OUTLOOK PHOTO: ZANE SPARLING - Donovan Smith and Sika Stanton in downtown Portland.Portland filmmaker Sika Stanton and journalist Donovan Smith recently collaborated on "The Numbers," a documentary focusing on life in the "numbered" streets of East Multnomah County.

The film — available at — was funded by a grant from the Oregon Humanities. Here's what you need to know before you watch.

OUTLOOK: What questions did you ask to get people talking?

SIKA STANTON: What makes a home a home, what makes a place like home? This area is fraught with a lot of perceptions about what it is or is not. I was curious if people were aware and if they agreed with that.

OUTLOOK: Can you describe those perceptions?

DONOVAN SMITH: If your neighbors (are) a lot of black people or a lot of brown people, they get branded with a blanket of criminality.

OUTLOOK: Most of your interview subjects are young. Why?

SMITH: That was on purpose. We wanted to talk to people who were (inside) the American Dream. Eighteen-to-25-year-olds, that's the core bracket where you're getting your own home, pursuing a career — things that aren't necessarily happening for (our) generation.

OUTLOOK: Gentrification is a hot topic in Gresham right now. What's your take?

STANTON: It's already happening in the area they've designated as urban renewal areas. More people want to live here. You can't change that, but you can try to influence it.

SMITH: How many people in Rockwood actually know what Rockwood Rising is? How many people are going to be displaced? How many people are going to stay in the neighborhood and actually benefit from the services? Those are all important questions.

OUTLOOK: Any answers?

SMITH: Gentrification is not as simple as putting a structure up and people get dispersed. There's levels of engagement, and the government or the city is not creative enough in terms of engagement and inclusivity.

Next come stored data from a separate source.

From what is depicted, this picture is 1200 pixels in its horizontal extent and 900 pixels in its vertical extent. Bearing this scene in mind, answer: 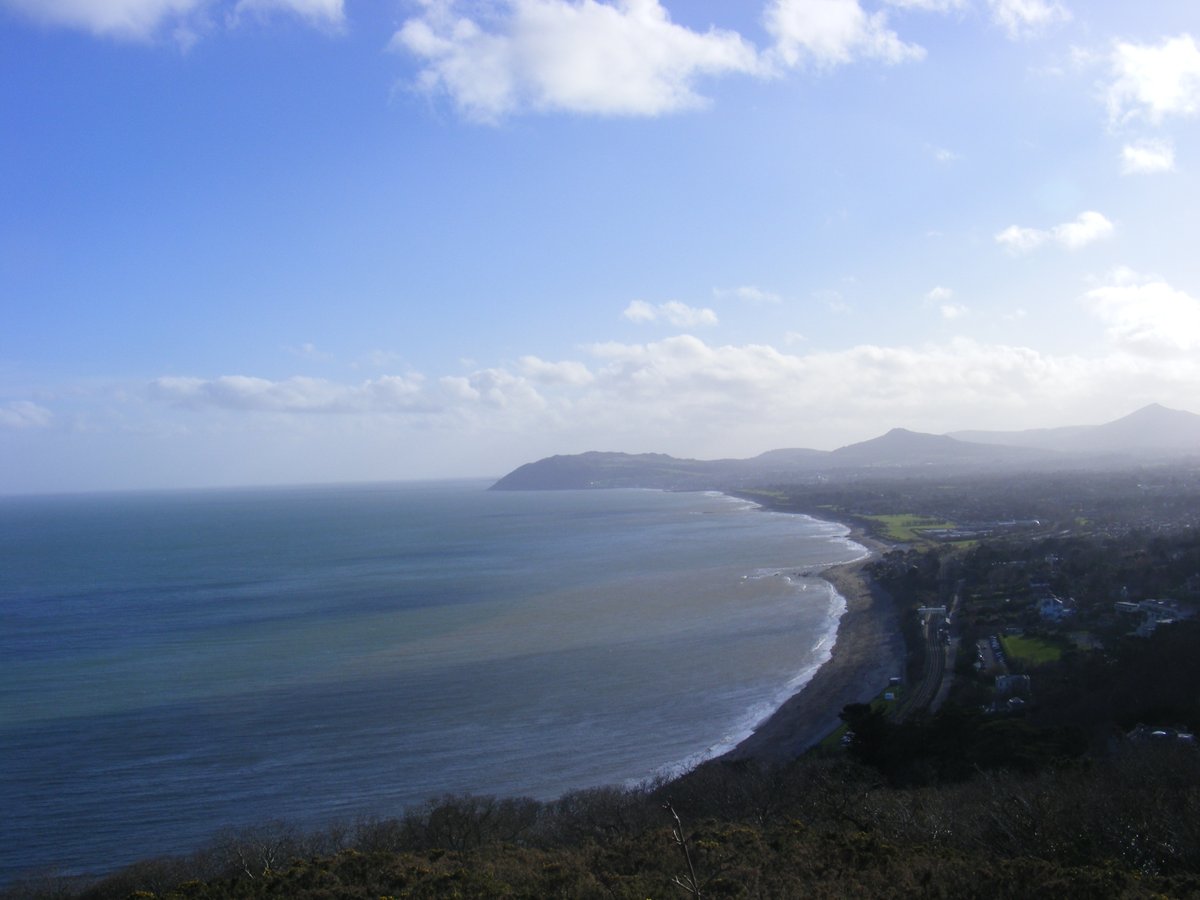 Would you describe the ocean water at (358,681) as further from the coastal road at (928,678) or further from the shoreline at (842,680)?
the coastal road at (928,678)

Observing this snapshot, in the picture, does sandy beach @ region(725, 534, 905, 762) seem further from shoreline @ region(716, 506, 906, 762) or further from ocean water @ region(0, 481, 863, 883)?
ocean water @ region(0, 481, 863, 883)

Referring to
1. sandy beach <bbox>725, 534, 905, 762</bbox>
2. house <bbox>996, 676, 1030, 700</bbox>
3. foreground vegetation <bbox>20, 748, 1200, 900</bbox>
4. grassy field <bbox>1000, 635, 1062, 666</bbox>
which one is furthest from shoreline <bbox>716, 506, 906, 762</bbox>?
foreground vegetation <bbox>20, 748, 1200, 900</bbox>

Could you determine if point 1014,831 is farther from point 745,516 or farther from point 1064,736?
point 745,516

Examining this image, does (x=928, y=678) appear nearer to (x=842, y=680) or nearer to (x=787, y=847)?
(x=842, y=680)

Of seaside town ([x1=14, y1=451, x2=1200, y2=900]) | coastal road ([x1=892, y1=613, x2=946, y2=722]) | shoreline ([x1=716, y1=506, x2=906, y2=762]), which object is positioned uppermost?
seaside town ([x1=14, y1=451, x2=1200, y2=900])

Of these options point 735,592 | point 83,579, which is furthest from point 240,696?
point 83,579

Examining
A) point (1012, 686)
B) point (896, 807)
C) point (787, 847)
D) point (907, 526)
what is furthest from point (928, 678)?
point (907, 526) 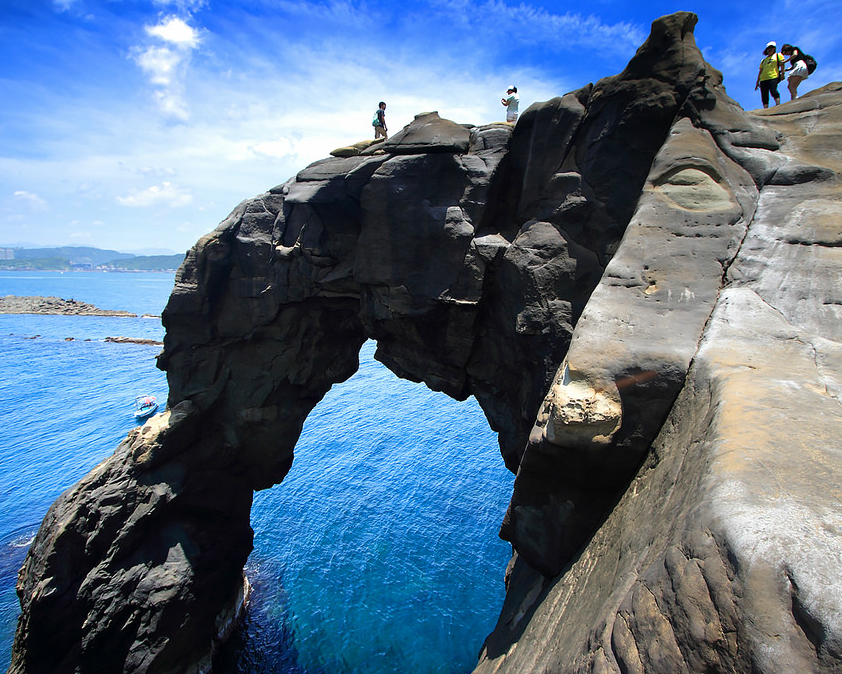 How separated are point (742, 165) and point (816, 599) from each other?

Especially with Rockwood Rising, that structure is being built with some city funds, but it's being majority built by outside investors. Because they control the majority of development, 80 percent of the housing that's (planned) is not even affordable.

STANTON: That's the thing! People have to make a profit, and we live in a capitalist model. So how do you benefit people who have the least amount of capital in that equation? How do you generate the economy in your neighborhood if nobody has any money?

OUTLOOK: I don't know.

STANTON: The solution is always going to be get more money. Those are the questions I (leave) our film with. We talked to all these kids (who) all want the same thing. Everybody wants to live in a nice place. Everybody wants the opportunity to determine the course of their lives and their dreams.

OUTLOOK: What would you like city planners to change about Rockwood Rising?

SMITH: "I think they could be more public about how many people are going to be displaced in places like Rockwood, where rents are starting to go up, where people are starting to leave their homes due to the "market."

They're not even giving an estimate. They're saying, 'We're doing this for you — just trust us.' When the process of gentrification has always been so secretive and insidious.

OUTLOOK: It sounds like the documentary is a lot larger than just Rockwood.

SMITH: The film is about everything past 82nd Avenue in Portland. The way that politics functions, sometimes it passes off blame or responsibility because of where somebody's zip code is or the lines that have been drawn.

OUTLOOK: What do you want viewers to take away from the film?

STANTON: There's this thing about perception versus reality. I want people to have less stereotypes when they talk to people who don't necessary look like them. Check your perception of an area, and actually engage with it and be curious.


Name: Sika Stanton

Age: 35

For this film: Producer, camerawoman and editor

On the web:

Education: Studied art and photography at Stanford University

Current home: The Historic Mississippi District in Portland. "Historically black," she clarifies. "Everytime I see one of those (historic) signs I want to write over it: Historically black."


Name: Donovan Smith

Age: 26

For this film: Copywriter and production assistant

On the web:

Education: Oregon Episcopal School. Attended Fisk University for two years.